Cisco will pay incoming CEO Chuck Robbins a higher salary than outgoing chief John Chambers made in fiscal 2014.
Robbins will make US$1.15 million in salary in fiscal 2016, which began this week, and he could earn another $2.59 million based on performance under Cisco’s Executive Incentive Plan. Add in as much as $13 million in stock grants, and Robbins could bring in more than $16.7 million for his first year at the helm.
By contrast, Chambers got $1.1 million in salary and a smaller basic percentage bonus under the Executive Incentive Plan in fiscal 2014, according to the company’s proxy statement issued last September. Chambers was a 20-year veteran at the helm of the company and was also chairman of the board. He’s now stepped back to become executive chairman.
Cisco revealed the compensation figures in a regulatory filing on Wednesday. The disclosure comes soon after the company announced moves that might eliminate more than 800 jobs. Cisco recently shut down its Invicta flash storage business and sold off its set-top box operation.

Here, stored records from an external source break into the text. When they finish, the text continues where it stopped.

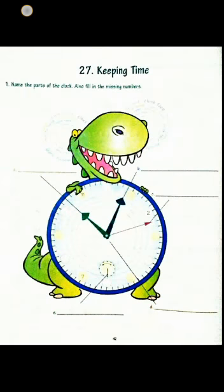Hello children of class 2, general knowledge. Today in this session we are going to do lesson number 27, keeping time.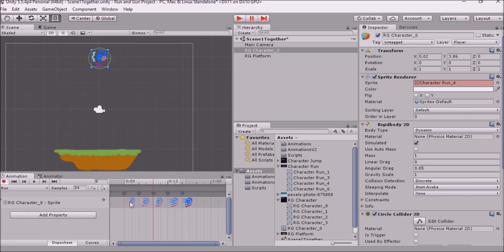But we are going to tie our animations to what we'll actually be doing as the player. So if I'm going to run, I want a run animation. If I'm going to jump, I want a jump animation. And I know jump's a popular thing, so we're going to work on those things in the next part.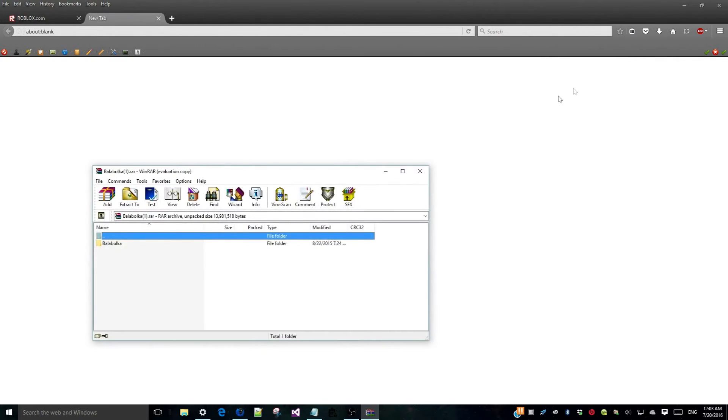After clicking download you will get a .RA file, open it and extract it to your desktop.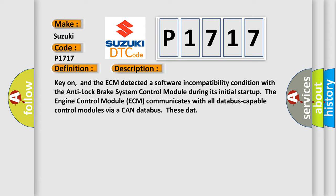The engine control module ECM communicates with all database-capable control modules via a CAN database.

It’s rare for an incoming CEO of U.S. company to even match the pay of the outgoing chief, especially if the new chief was promoted from inside, as Robbins was, said Nora McCord, managing director at the Palo Alto, California, office of compensation consultancy Steven Hall & Partners. A traditional rule of thumb is for a new CEO to start at about 15 percent of the former leader’s pay and only match that figure after two or three years of getting established in the position, she said.
Companies that have to entice a new executive from another company often pay more, but Robbins has worked at Cisco for 17 years. Previously, he was senior vice president of worldwide field operations.

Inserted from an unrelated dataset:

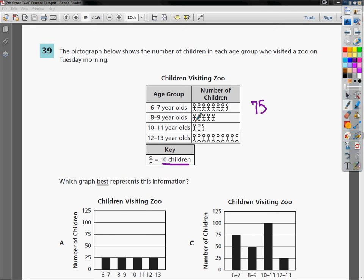For eight-nine year olds: one, two, three, four, five. Five tens is 50. Ten-eleven year olds, not many of those. One, two and a half, so two and a half would be 25.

Robbins’s potential payout under the Executive Incentive Plan, which could be as much as 225 percent of his annual salary, is also higher than most companies offer, McCord said. A more common figure is 100 percent of salary. In fiscal 2014, Chambers had a target award of 200 percent. Total cash incentive awards at Cisco include a variety of other performance measures that can push payouts higher.
But Cisco’s generosity here may be more in line with its competitors in the red-hot tech sector. Hewlett-Packard, as close as Cisco comes to a head-to-head rival, paid CEO Meg Whitman up to 200 percent of her $1.5 million salary under an incentive plan in fiscal 2014. Indeed, Cisco says it set Chambers’s target award for 2014 at the median of its peer group of companies.
A lot is riding on Robbins as Cisco faces growing competition from software-defined networking and so-called “white box” switches and routers that could undermine its traditional core businesses. He also takes on the task of guiding Cisco into the heart of what the company calls the Internet of Everything, encompassing millions of connected devices and back-end services that take advantage of them, an opportunity the company pegs at more than $19 trillion over the next several years.
As Chambers steps down as CEO, he’ll be making less than he did before. His base salary has been cut to $1 million and he won’t be eligible for the Executive Incentive Plan for 2016. His stock grants for the year are expected to be up to $7 million.